IEC 60794-4:2018 pdf download – Optical fibre cables – Part 4: Sectional specification – Aerial optical cables along electrical power lines.
3 Terms, definitions, symbols and abbreviated terms For the purposes of this document, the terms, definitions, symbols and abbreviated terms given in IEC 60794-1 -1 apply. ISO and IEC maintain terminological databases for use in standardization at the following addresses: • IEC Electropedia: available at http://www.electropedia.org/ • ISO Online browsing platform: available at http://www.iso.org/obp 4 Optical fibre 4.1 General Single-mode optical fibre which meets the requirements of IEC 60793-2 shall be used. Fibres other than those specified above can be used, if mutually agreed between the user and the supplier. 4.2 Attenuation 4.2.1 Attenuation coefficient The typical maximum cable attenuation coefficient shall conform to IEC 60794-1 -1 . Particular values may be agreed between the customer and supplier. The attenuation coefficient shall be measured in accordance with IEC 60793-1 -40. 4.2.2 Attenuation uniformity-attenuation discontinuities Point discontinuities shall be measured in accordance with IEC 60793-1 -40, method C, and conform to IEC 60794-1 -1 . 4.3 Cut-off wavelength of cabled fibre For single mode fibre, the cabled fibre cut-off wavelength, λ cc , shall be less than the operational wavelength, when measured in accordance with IEC 60793-1 -44, and conform to IEC 60794-1 -1 . 4.4 Fibre colouring If the primary coated fibres are coloured for identification, the coloured coating shall be readily identifiable throughout the lifetime of the cable and shall be a reasonable match to IEC 60304.

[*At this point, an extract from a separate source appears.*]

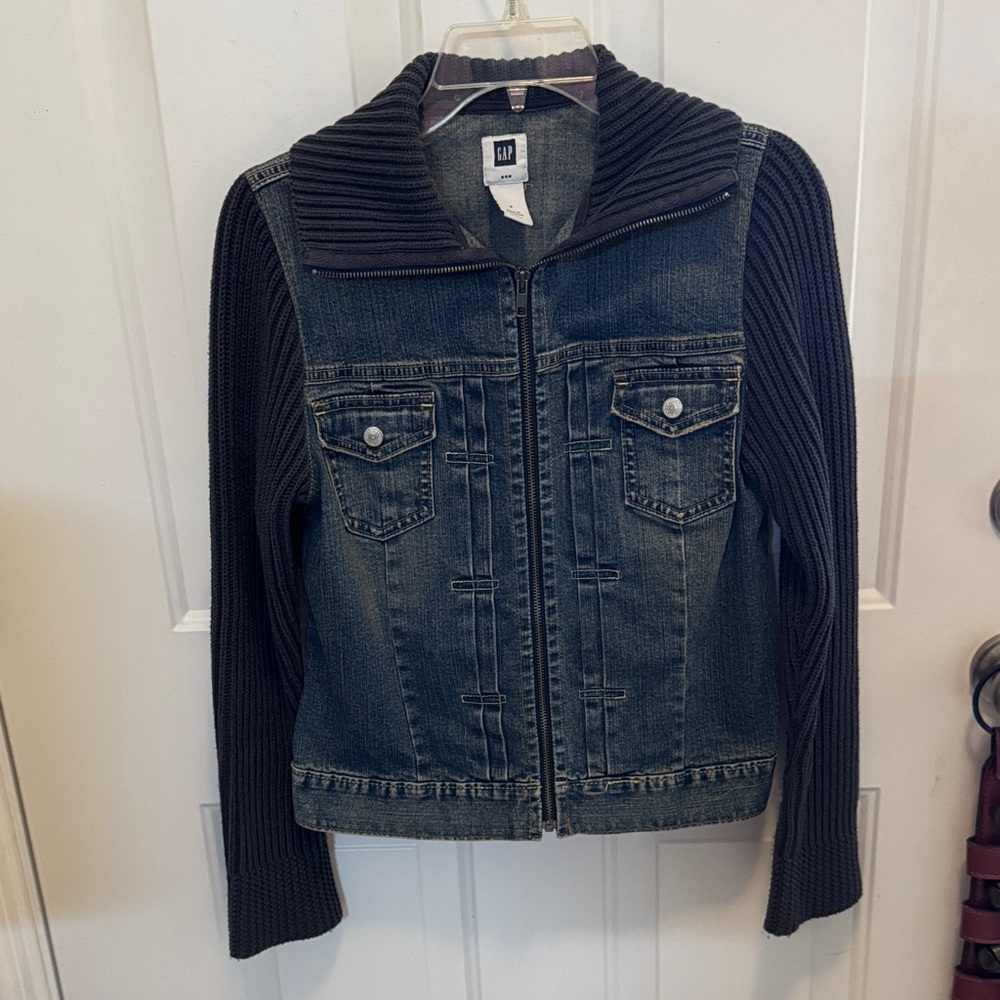 Gap S jean jacket with sweater sleeves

4.5 Polarization mode dispersion (PMD) Cabled single-mode fibre PMD shall be measured in accordance with IEC 60793-1 -48 and conform to IEC 60794-1 -1 . 5 Cable element 5.1 General Generally, optical cables comprise several elements or individual constituents, depending on the cable design, which take into account the cable application, operating environment and manufacturing processes, as well as the need to protect the fibre during handling and cabling.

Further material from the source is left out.